Report is a 45-minute manual on the grunt's first challenge: combatting boredom while he learns his job. War isn't hell, it's just a drag. In depicting men at work, at meals, at the meager forms of play available to them, the film seems relentlessly mundane. And so it is --if the viewer forgets that many of these youngsters, smiling or shivering or just hanging around, are marking time before an early, explosive death.

The 32-minute San Pietro begins with an Army officer uneasily informing the civilian audience that although thousands died in this particular action, "the cost in relation to the later advance was not excessive." At strategic points in the film, Huston retreats from the carnage to outline the strategy with charts, pointers, abstract nouns, the passive voice -- all the tools of military euphemism to which San Pietro's corrosive images give the lie. Huston is aware of the absurdist irony: his camera pans up to the bombed-out cupola of the village's 500-year-old cathedral as he intones, "Note interesting treatment of chancel." But there is no ironist in a foxhole, or in the middle of these lost patrols. A soldier falls from enemy fire at the right of the film frame, like Brueghel's Icarus; lifeless heads stick out of trenches as if in a Beckett play; corpses sprawl in pillboxes like discarded Raggedy Andys; men dig graves, hammer dog tags onto wood coffins, fold a comrade's hands in prayer before wrapping him in a body bag. And at the end, when the enemy abandons the town, the people of San Pietro emerge from their caves and embrace the American soldiers who destroyed their town in order to save it.

For the participants in San Pietro -- and in the hundreds of San Pietros that pocked the war -- there seems only one appropriate response: madness. The glory boys have returned from battle, the cock eyed grins wiped from their faces and replaced by fretful, sidelong glances, or un ashamed tears, or no expression at all. They have not lost a limb, or a life; they have misplaced their reason, or their reason for living. They have come to a Long Island hospital in hopes of mastering simpler tasks than any taught in the Aleutians: walking, speaking, remembering, soldiering on into civilian life.

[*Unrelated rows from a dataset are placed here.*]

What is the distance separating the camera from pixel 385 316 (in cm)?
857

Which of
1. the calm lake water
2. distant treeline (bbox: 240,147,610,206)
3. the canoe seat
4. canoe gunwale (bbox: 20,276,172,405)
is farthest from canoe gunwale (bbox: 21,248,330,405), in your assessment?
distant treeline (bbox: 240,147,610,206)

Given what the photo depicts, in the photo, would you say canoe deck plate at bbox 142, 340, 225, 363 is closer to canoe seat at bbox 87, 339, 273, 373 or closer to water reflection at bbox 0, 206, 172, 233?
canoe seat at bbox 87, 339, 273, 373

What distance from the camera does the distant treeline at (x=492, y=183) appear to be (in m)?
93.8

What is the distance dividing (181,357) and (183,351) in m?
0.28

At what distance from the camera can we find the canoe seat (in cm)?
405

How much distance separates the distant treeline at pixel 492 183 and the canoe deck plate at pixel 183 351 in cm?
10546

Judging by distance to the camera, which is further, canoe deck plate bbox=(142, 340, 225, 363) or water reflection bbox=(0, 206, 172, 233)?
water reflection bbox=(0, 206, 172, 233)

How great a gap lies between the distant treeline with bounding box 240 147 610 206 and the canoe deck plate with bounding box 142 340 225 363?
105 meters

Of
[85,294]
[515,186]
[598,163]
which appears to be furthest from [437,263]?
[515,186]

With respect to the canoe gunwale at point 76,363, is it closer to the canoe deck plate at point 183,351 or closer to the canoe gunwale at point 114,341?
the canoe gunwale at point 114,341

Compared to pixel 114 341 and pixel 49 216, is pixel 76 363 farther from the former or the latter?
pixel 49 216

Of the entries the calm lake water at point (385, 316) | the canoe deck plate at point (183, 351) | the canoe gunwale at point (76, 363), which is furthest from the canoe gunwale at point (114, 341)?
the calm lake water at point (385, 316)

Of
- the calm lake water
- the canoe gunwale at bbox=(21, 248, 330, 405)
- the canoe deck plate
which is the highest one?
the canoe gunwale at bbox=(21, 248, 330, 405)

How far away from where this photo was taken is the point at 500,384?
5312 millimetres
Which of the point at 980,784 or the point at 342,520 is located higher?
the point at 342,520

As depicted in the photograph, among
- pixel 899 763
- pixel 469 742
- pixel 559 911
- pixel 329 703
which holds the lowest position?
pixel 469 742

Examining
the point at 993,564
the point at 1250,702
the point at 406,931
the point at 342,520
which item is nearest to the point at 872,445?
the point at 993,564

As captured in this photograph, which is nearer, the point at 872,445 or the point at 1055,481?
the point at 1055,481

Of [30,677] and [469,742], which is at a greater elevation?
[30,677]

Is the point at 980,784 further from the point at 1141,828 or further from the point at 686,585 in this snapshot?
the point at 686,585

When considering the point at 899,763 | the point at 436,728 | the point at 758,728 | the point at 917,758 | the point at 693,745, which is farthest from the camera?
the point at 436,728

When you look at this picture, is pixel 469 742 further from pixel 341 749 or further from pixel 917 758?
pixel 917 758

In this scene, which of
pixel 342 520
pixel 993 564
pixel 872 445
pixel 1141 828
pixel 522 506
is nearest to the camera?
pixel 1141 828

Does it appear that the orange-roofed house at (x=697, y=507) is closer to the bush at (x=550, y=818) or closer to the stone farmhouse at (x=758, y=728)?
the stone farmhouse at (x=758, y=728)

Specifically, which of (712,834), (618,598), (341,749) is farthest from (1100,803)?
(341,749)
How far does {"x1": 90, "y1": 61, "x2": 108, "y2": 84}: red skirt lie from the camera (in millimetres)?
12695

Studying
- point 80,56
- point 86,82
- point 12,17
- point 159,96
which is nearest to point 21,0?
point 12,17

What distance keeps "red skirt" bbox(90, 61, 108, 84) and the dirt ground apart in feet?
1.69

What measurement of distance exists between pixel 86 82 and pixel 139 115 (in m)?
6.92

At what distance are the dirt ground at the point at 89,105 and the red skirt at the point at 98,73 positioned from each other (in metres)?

And even as disabled as they are, they display enough charm, dignity and desperation to break your heart.

"And God said, Let there be light: and there was light."

Biblical overtones reverberate through the film: in the godlike authority the men be stow on their medical-officer saviors (and on the omniscient movie camera); in the miraculous cures, some of which are accomplished in a few minutes; in the impassioned litanies of the healed patients ("I can talk! I can talk! I can talk! Oh, God, listen, I can talk!"); in Huston's testimony that this was "the most hopeful and optimistic and even joyous thing I ever had a hand in."

As the patients recuperated and prepared for life on the outside, so Huston's war experience served as an eerie prophecy of his later films.

It was as if, deep in the minds of his doomed questers -- from Ahab and Freud to the men who would beat the devil or be king -- were both the memory and the anticipation of what happened on that Alaskan airbase, at that Italian battle, in that New York hospital. It is fitting for Huston, now 74, that a seminal document of one such quest should finally see the light. As a last happy irony, Let There Be Light may be eligible for a 1980 Academy Award. To honor the film, its maker and the men whose special heroism he recorded seems a small enough act of atonement.